Johnson concludes:  “Making our largest banks smaller is not sufficient to ensure financial stability.  There are many other complementary measures that make sense - including higher capital requirements, more transparency for derivatives and generally more effective regulation.  But reducing the size of our largest banks is absolutely necessary if we are to reduce the odds of another major financial catastrophe.”
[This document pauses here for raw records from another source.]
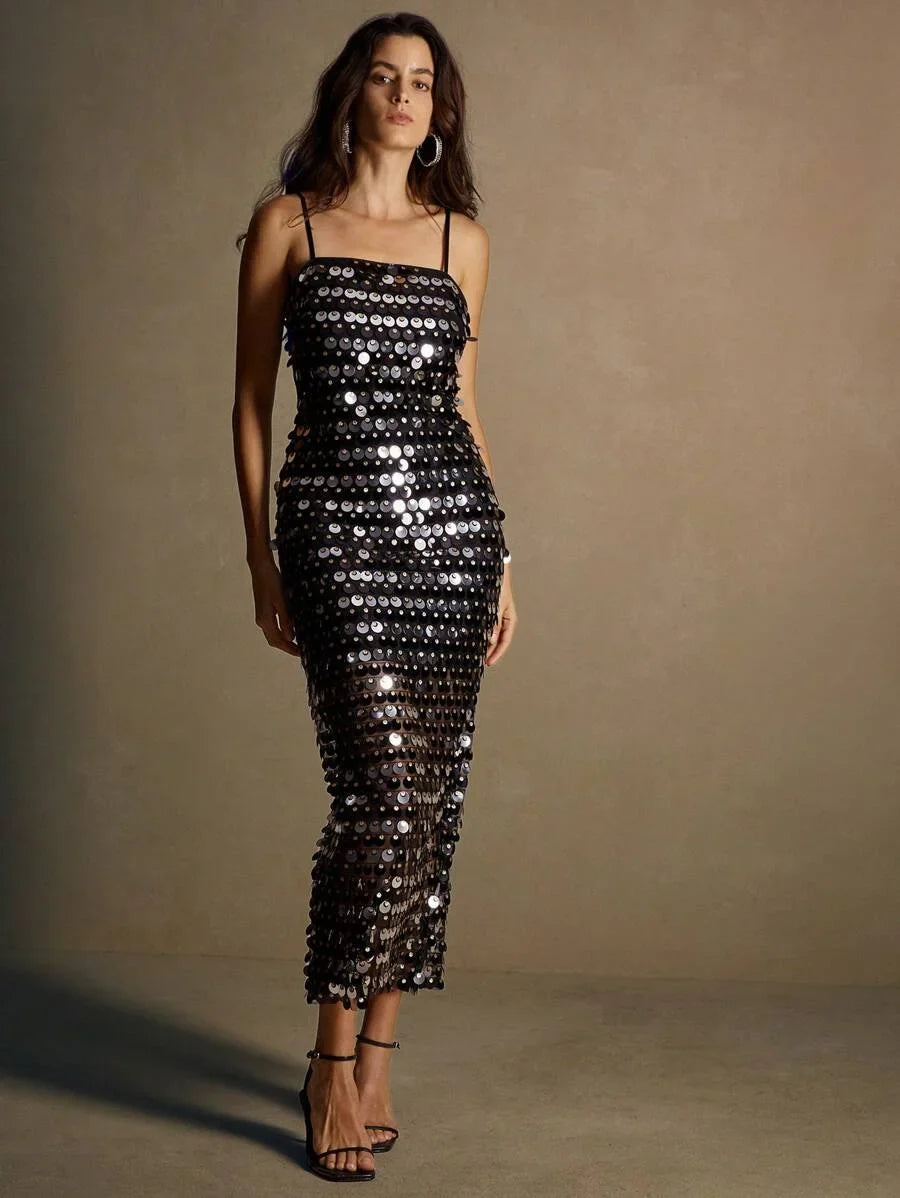 Elegant Fitted Sequined Dress With A Strong Sense Of Design Maxi Women Outfit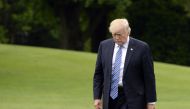 Donald Trump exits Marine One on the South Lawn of the White House on May 13, 2017. AFP /  Olivier Douliery
 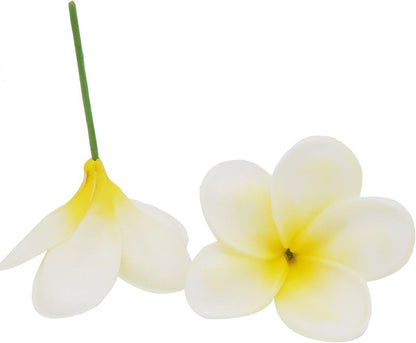 Bunch of 10 PU Real Touch Lifelike Artificial Plumeria Frangipani Flower Bouquets Fake Wedding Cake Home Party Decoration (White)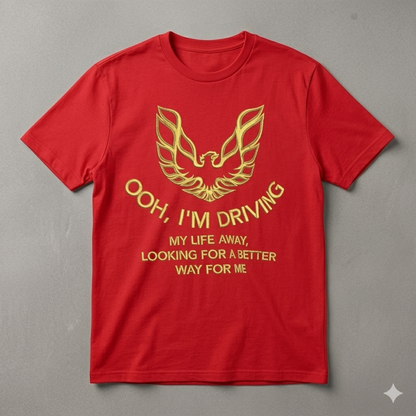 "Ooh I'm Driving My Life Away" T-Shirt – Vintage Country-Rock Trucker Graphic Tee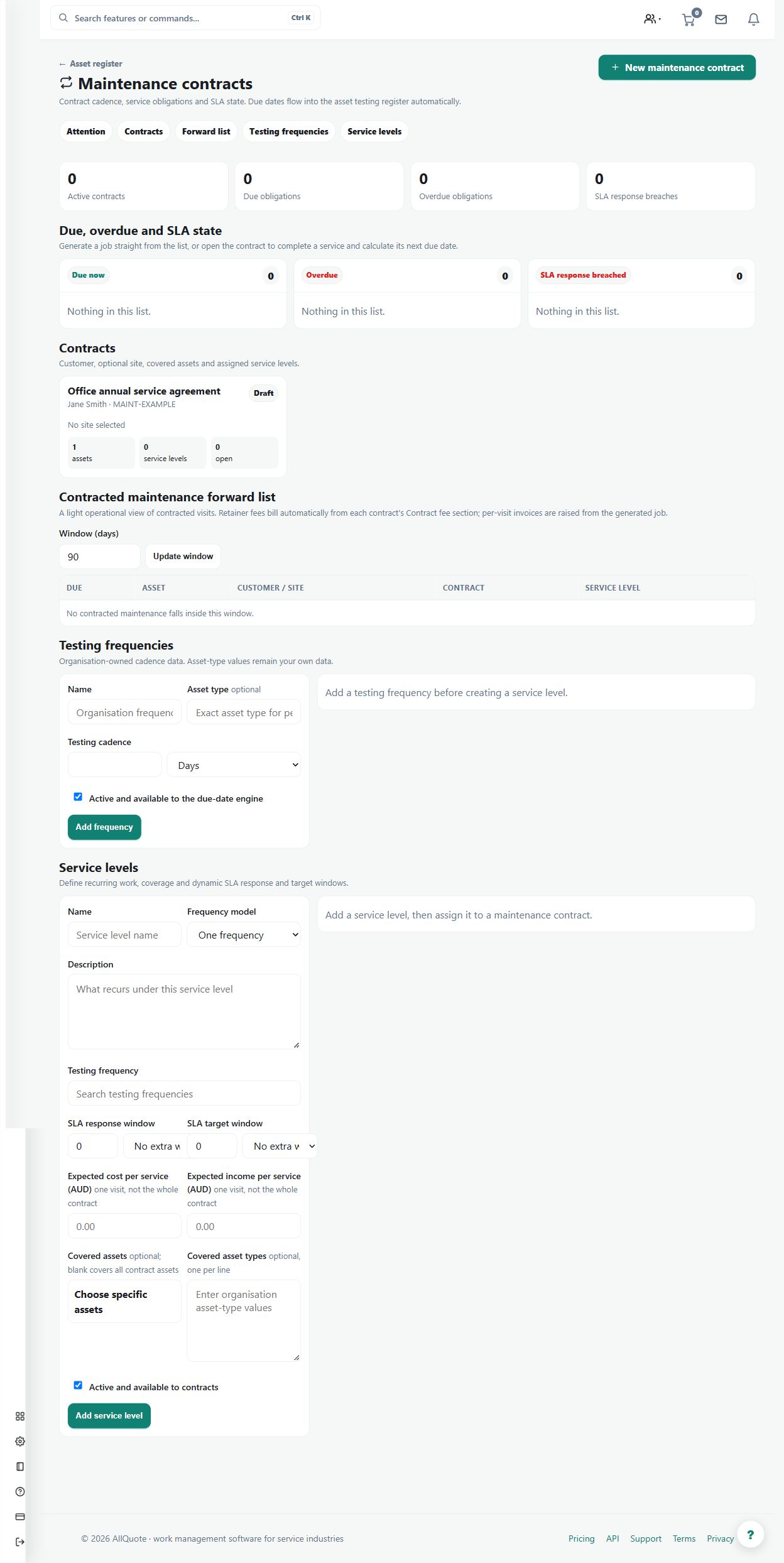 The office service agreement is a draft in the maintenance-contract register. Configure the service level, scope and any agreed retainer before activation; this example has not been billed.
Financial Reform Legislation Faces Uphill Battle in the Senate

Wednesday, April 14th, 2010

The most sweeping financial reform legislation since the 1930s will be debated in a polarized Senate.  Senator Christopher Dodd (D-CT), chairman of the Senate Banking Committee, introduced revised legislation to regulate the nation’s financial system.  The plan would create a nine-member council, led by the Treasury secretary, to be on the alert for systemic risks, and direct the Federal Reserve to oversee the nation’s largest and most interconnected financial institutions.

The bill, which would be the most comprehensive change in financial rules since the Depression, would preserve much of the existing regulatory system, which has been criticized as being too disjointed.  Additionally, it would rely on a new mechanism for seizing and liquidating large financial companies on the verge of failure.  This would reduce, but not eliminate, the possibility of future bailouts.

The legislation incorporates a version of the Volcker Rule, a proposal from former Federal Reserve Chairman Paul Volcker that would make certain that legislators ban banks from investing in or owning hedge and private-equity funds.  Republicans and Wall Street strongly object to that idea.  Dodd’s legislation takes a fairly tough line with financial firms in general.  The proposed consumer protection agency would be given the authority to write and enforce rules for banks with more than $10 billion in assets.  The oversight also would apply to mortgage companies, credit card issues and other lenders - a move that Republicans oppose.

“Our regulatory structure, constructed in a piecemeal fashion over many decades, remains hopelessly inadequate,” Dodd, who is retiring from the Senate at the end of this term, said.  “There hasn’t been financial reform on the scale that I’m proposing this afternoon since the 1930s….  It is certainly time to act.”